We consulted widely on the EEC. After an informal consultation in March 2000, we issued the Government's provisional conclusions on the level and format of the EEC in November 2000. Last August, we issued statutory consultation proposals, a draft energy efficiency obligations order and a draft regulatory impact assessment.

The Government will set the level of the overall obligation, and the regulator, Ofgem, will be responsible for administration of the EEC. The order provides the framework for Ofgem to set the energy efficiency targets for individual electricity and gas suppliers and to monitor their progress in achieving them. Ofgem will also be responsible for enforcement. The apportionment of the overall target between individual suppliers will be on the basis of their customer numbers. The order provides for targets to be set by company group rather than by licence holder. In light of consultation, we recognise that a company's purchasing power relates to its size, even if it holds several licences.
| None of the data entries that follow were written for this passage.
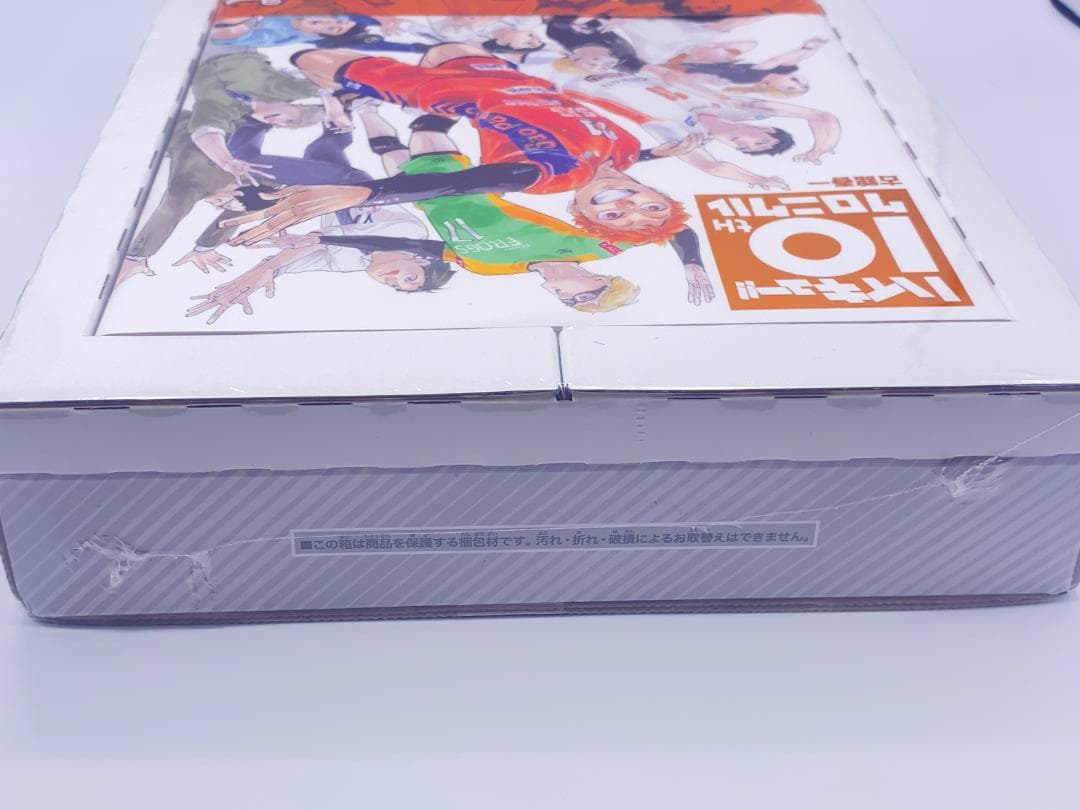 ハイキュー!! 10thクロニクル グッズ付き同梱版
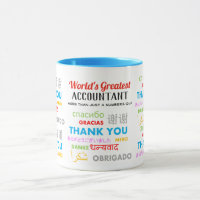 Thank You Accountant Gift Personalized Modern Fun Mug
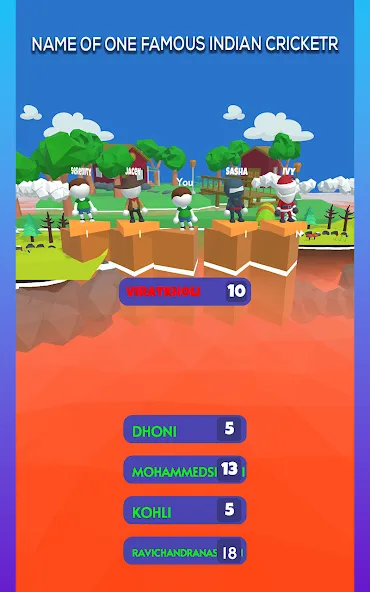Answer Type Or Die (Ответь или умри) [МОД: Бесконечные деньги, Монеты и Мега MOD] Screenshot 5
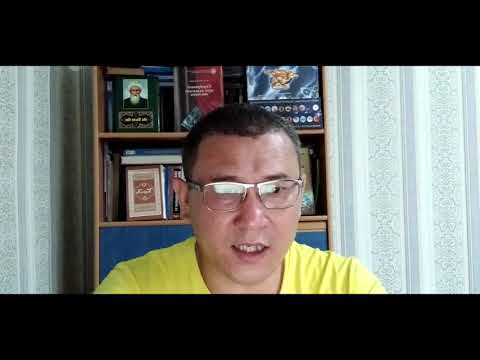 Видео: История рода ТАНА.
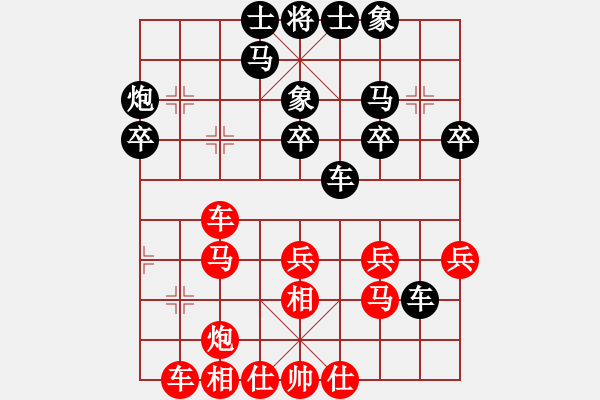 象棋棋譜圖片：逍遙之關(guān)羽(7級(jí))-勝-英雄殺手(5r) - 步數(shù)：30 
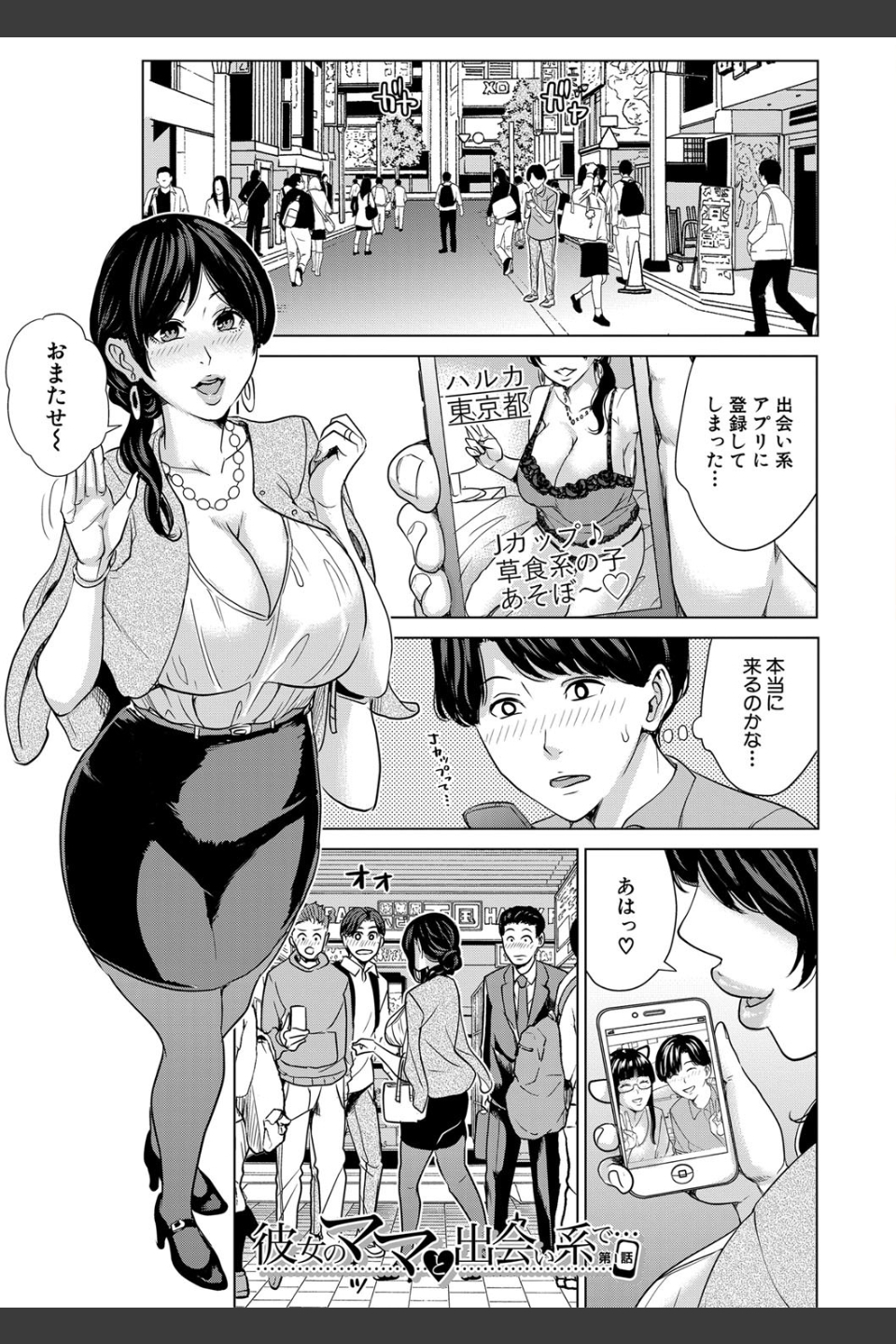 彼女のママと出会い系で…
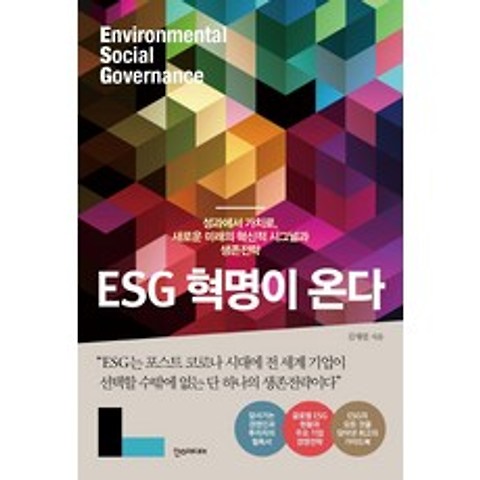 ESG 혁명이 온다:성과에서 가치로 새로운 미래의 혁신적 시그널과 생존전략, 한스미디어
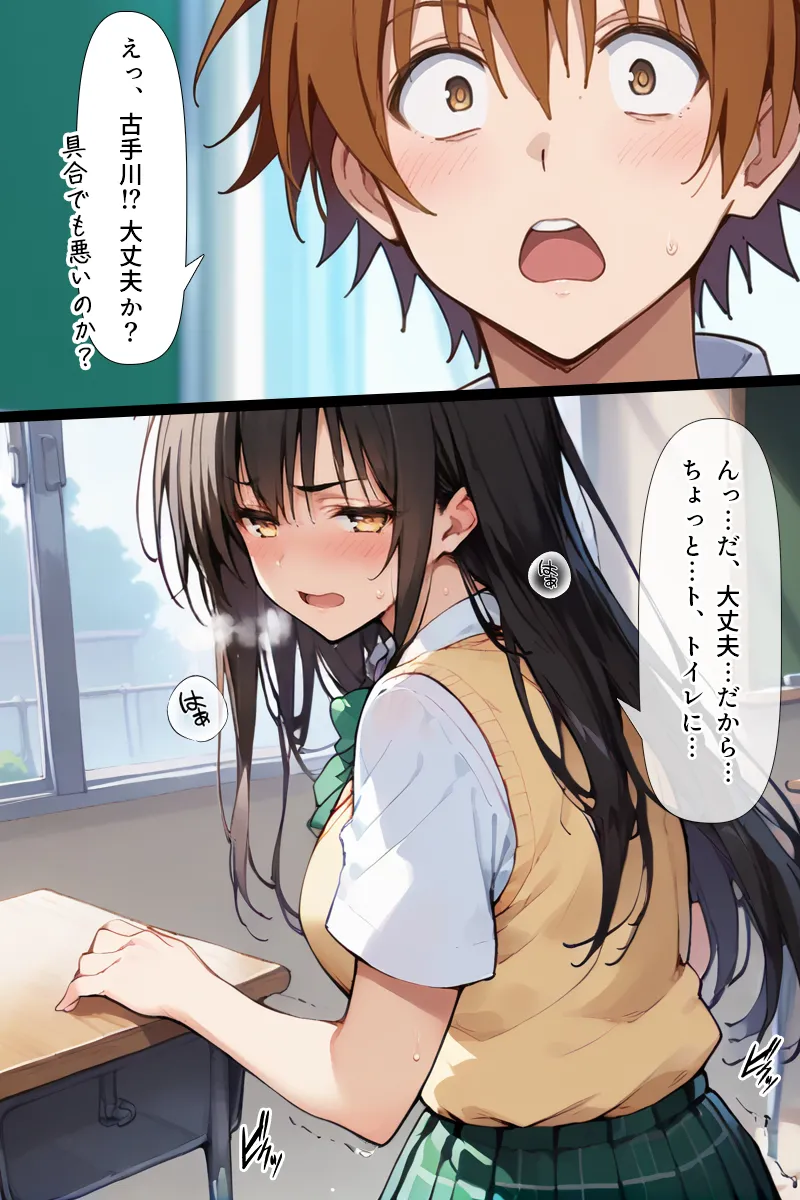 Manga Page 54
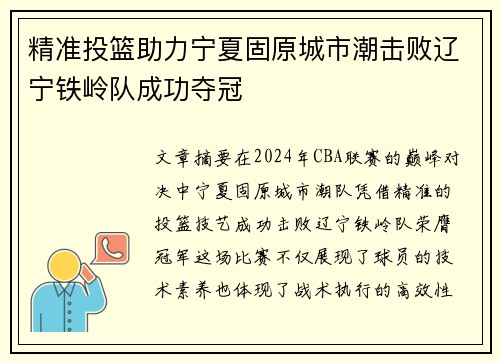 精准投篮助力宁夏固原城市潮击败辽宁铁岭队成功夺冠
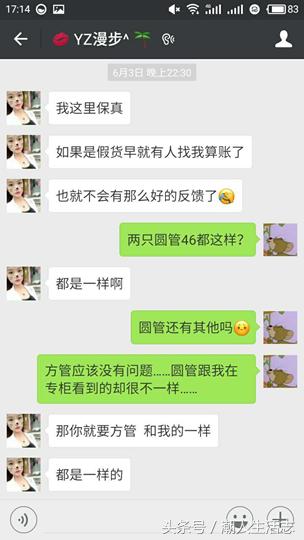 ysl价位一般多少,ysl价格100的东西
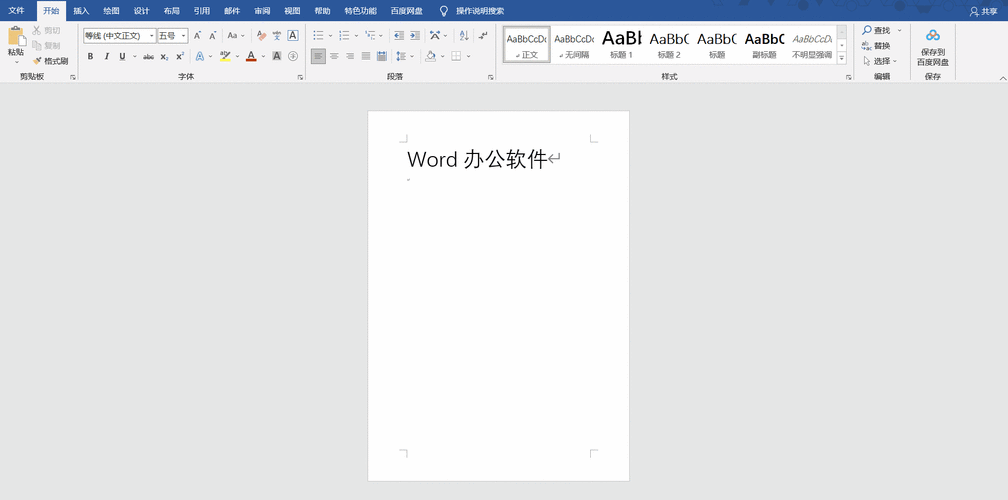 word设置模板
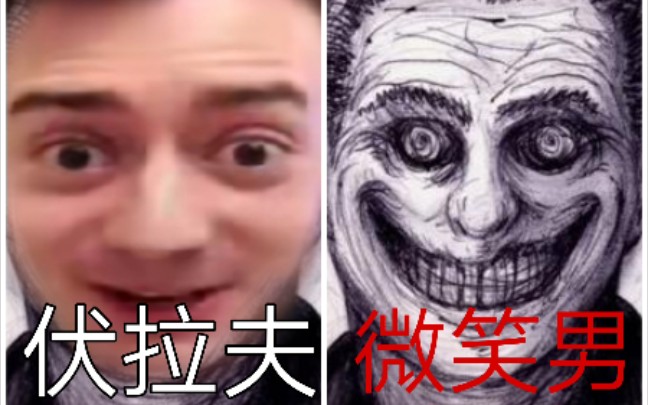 美国都市传说《微笑的伏拉夫》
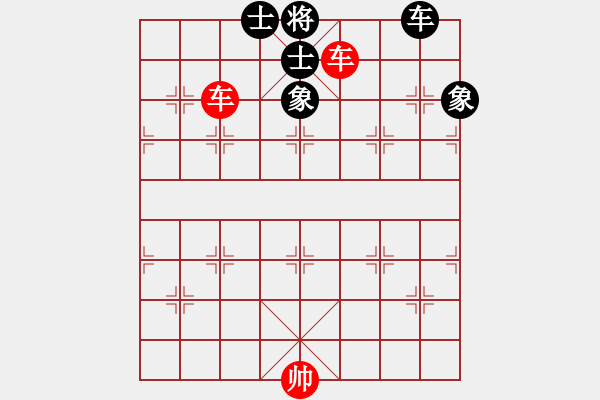 象棋棋譜圖片：實(shí)用殘局-雙車巧勝單車仕相全 - 步數(shù)：20 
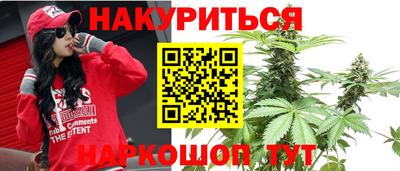 мяу мяу мука Коммунар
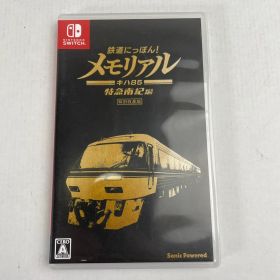 【中古美品】 鉄道にっぽん! メモリアル JR東海 キハ85 特急南紀 編 [CERO区分_A / 全年齢対象商品] 【029-260208-NT-15-fuz】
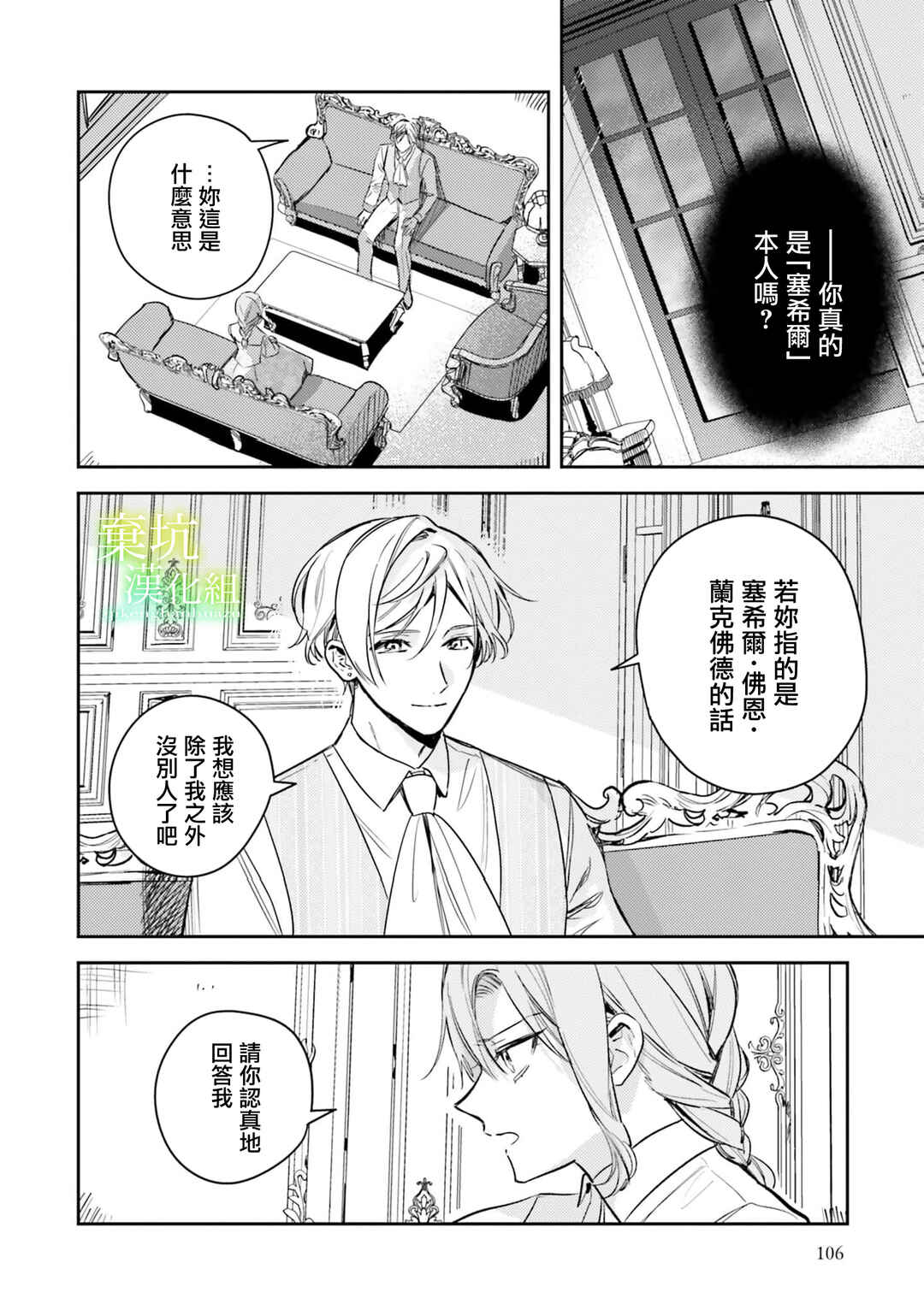 Chapter 19 - Page 2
The order takes account of the fact that larger companies benefit from economies of scale. Smaller companies should not be disadvantaged as a result, so targets will be progressive. A smaller company will have a lower target in relation to its customer numbers than a larger company. The order also exempts from energy efficiency targets companies with fewer than 15,000 customers, so that new companies will not have to set up EEC schemes at an early stage.

I mentioned that the energy efficiency commitment will contribute to the alleviation of fuel poverty. The order ensures that help will be given to lower income consumers by requiring suppliers to achieve at least 50 per cent. of their energy savings from householders in receipt of income support, disability benefit, working families or disabled persons tax credit.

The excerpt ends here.